Hi, I'm reading Borge's "Ulrica" there's this quote, but I don't even know wich language it is:Hann terk sverthit Gram ok leggr i methal theira bert.Can anyone help me? thanks


----------



## sokol

My guess would be Icelandic. Or Faeroese.

It has some things "looking" Germanic but it is certainly not German nor Dutch, nor Danish, Norwegian or Swedish.


----------



## Outsider

I agree that it has a Nordic "feel" to it, but I wonder if it could also be Gothic, or Old German...


----------



## hanne

I'd guess Old Norse of some sort. It doesn't look quite like modern Icelandic (or Faroese) to me.

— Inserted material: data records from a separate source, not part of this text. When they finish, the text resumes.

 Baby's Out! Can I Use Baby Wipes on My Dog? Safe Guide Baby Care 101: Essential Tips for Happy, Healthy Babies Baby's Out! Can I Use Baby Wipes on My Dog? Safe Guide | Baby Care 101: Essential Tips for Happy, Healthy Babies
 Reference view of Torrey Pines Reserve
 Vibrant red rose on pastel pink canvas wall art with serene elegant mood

The translation would go along the lines of:
He takes the sword Gram and puts it in the middle of their bed.

The text is an excerpt from Nordic mythology (text in Danish translation).


----------



## origumi

“He takes the sword Gram, and lays it naked between them” from The Saga of the Volsungs.

Old Norse.


----------



## sokol

Here's words that I _probably _recognise (those interpretations might be wrong):

hann = han = he
ok = og = and
theira = þeirra = their (Icelandic only, I think)

The other "th" sounds also could be þ/ð.
Old German it is not; but it _could _be Gothic, probably. If it isn't Islandic, or Faeroese - or, alternatively, just made up on the spot. - Ah, I cross-posted with Origumi, so the riddle is solved.


----------



## Ezra92

Thaks a lot, everyone!! You saved my brain from collapsing!!!!!!!!!


----------



## Ezra92

I meant "Thanks", anyway... ops


----------



## hanne

I think origumi's is the poetic translation, and mine is the accurate one .

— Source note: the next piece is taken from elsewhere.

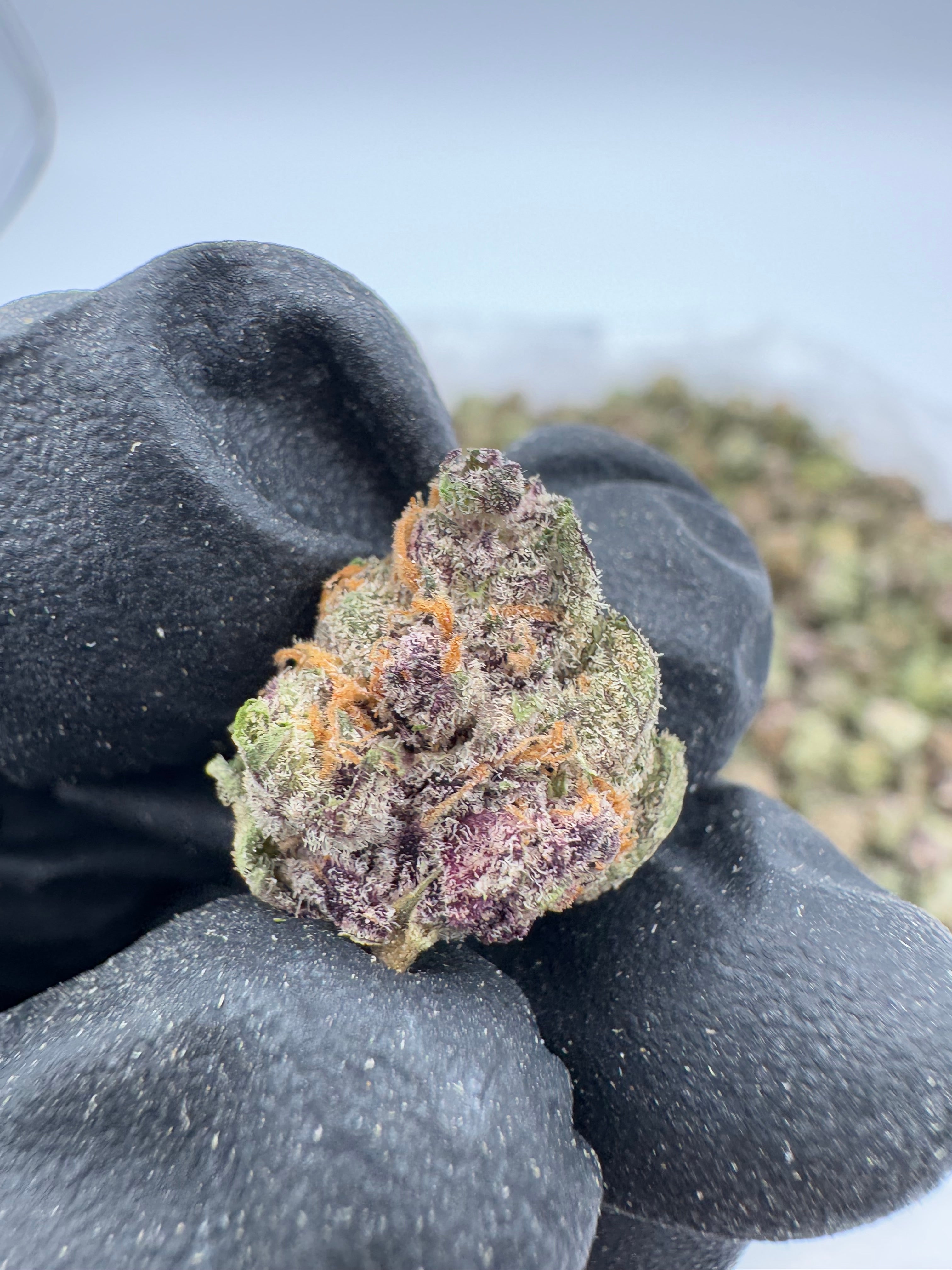 BlackBerry Smalls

The story about Sigurd, Brynhild, and Gram seems to be both in the Older Edda (Völsunga Saga, as origumi mentioned), and in the Younger Edda (Skjaldskabslæren, cf. the link I posted above). Does anybody know anything about this?

Ezra, this page also mentions Borges' use of that quote.


----------



## dinji

There is a typal, it should obviously be *"Hann tekr sverthit....." = "He takes the sword....."*


----------



## butra

dinji said:


> There is a typal, it should obviously be *"Hann tek sverthit....." = "He takes the sword....."*


 

Hann tekr sverðit Gram ok leggr í meðal þeira bert. ( Old Norse or old Icelandic ).
Hann tekur sverðið Gram og leggur í meðal þeirra bert. ( Modern Icelandic ).


----------



## dinji

butra said:


> Hann tekr sverðit Gram ok leggr í meðal þeira bert. ( Old Norse or old Icelandic ).
> Hann tekur sverðið Gram og leggur í meðal þeirra bert. ( Modern Icelandic ).


 
The standardized Old Icelendic found in printed editions has a very orderly use of þ and ð, but was this originally the case, and what was the convention in Old Norwegian texts? Old Swedish and Old Danish from the same period frequently used <th> for both.


----------